------ Exercise material ------

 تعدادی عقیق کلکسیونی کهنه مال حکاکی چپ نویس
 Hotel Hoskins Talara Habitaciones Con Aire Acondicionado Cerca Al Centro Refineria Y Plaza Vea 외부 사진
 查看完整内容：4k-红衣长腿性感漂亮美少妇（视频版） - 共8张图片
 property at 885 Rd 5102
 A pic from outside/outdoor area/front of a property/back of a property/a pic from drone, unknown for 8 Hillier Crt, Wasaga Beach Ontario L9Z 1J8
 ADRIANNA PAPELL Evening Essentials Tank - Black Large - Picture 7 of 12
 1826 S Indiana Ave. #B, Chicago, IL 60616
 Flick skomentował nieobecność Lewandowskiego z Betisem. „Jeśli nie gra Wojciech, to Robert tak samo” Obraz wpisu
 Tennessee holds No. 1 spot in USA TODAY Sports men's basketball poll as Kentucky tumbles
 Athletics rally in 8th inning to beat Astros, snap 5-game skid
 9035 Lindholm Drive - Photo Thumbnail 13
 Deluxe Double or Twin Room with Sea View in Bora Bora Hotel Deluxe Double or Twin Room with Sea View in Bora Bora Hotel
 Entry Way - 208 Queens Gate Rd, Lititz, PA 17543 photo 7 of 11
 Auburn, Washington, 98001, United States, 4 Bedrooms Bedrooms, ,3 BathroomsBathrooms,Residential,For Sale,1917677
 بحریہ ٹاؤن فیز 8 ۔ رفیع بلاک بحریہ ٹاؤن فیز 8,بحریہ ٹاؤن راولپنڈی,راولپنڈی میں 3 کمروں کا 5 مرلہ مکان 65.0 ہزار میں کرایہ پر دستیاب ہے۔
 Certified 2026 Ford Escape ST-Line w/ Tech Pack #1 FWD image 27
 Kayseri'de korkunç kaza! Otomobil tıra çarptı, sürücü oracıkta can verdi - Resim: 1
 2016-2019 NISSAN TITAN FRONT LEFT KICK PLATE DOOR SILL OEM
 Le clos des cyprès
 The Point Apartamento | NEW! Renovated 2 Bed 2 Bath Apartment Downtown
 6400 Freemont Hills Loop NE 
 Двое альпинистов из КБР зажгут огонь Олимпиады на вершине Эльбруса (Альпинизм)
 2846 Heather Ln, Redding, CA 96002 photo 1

------

**Task description**
The data above is to be restated line for line, word for word.

**Your solution**
 تعدادی عقیق کلکسیونی کهنه مال حکاکی چپ نویس
 Hotel Hoskins Talara Habitaciones Con Aire Acondicionado Cerca Al Centro Refineria Y Plaza Vea 외부 사진
 查看完整内容：4k-红衣长腿性感漂亮美少妇（视频版） - 共8张图片
 property at 885 Rd 5102
 A pic from outside/outdoor area/front of a property/back of a property/a pic from drone, unknown for 8 Hillier Crt, Wasaga Beach Ontario L9Z 1J8
 ADRIANNA PAPELL Evening Essentials Tank - Black Large - Picture 7 of 12
 1826 S Indiana Ave. #B, Chicago, IL 60616
 Flick skomentował nieobecność Lewandowskiego z Betisem. „Jeśli nie gra Wojciech, to Robert tak samo” Obraz wpisu
 Tennessee holds No. 1 spot in USA TODAY Sports men's basketball poll as Kentucky tumbles
 Athletics rally in 8th inning to beat Astros, snap 5-game skid
 9035 Lindholm Drive - Photo Thumbnail 13
 Deluxe Double or Twin Room with Sea View in Bora Bora Hotel Deluxe Double or Twin Room with Sea View in Bora Bora Hotel
 Entry Way - 208 Queens Gate Rd, Lititz, PA 17543 photo 7 of 11
 Auburn, Washington, 98001, United States, 4 Bedrooms Bedrooms, ,3 BathroomsBathrooms,Residential,For Sale,1917677
 بحریہ ٹاؤن فیز 8 ۔ رفیع بلاک بحریہ ٹاؤن فیز 8,بحریہ ٹاؤن راولپنڈی,راولپنڈی میں 3 کمروں کا 5 مرلہ مکان 65.0 ہزار میں کرایہ پر دستیاب ہے۔
 Certified 2026 Ford Escape ST-Line w/ Tech Pack #1 FWD image 27
 Kayseri'de korkunç kaza! Otomobil tıra çarptı, sürücü oracıkta can verdi - Resim: 1
 2016-2019 NISSAN TITAN FRONT LEFT KICK PLATE DOOR SILL OEM
 Le clos des cyprès
 The Point Apartamento | NEW! Renovated 2 Bed 2 Bath Apartment Downtown
 6400 Freemont Hills Loop NE 
 Двое альпинистов из КБР зажгут огонь Олимпиады на вершине Эльбруса (Альпинизм)
 2846 Heather Ln, Redding, CA 96002 photo 1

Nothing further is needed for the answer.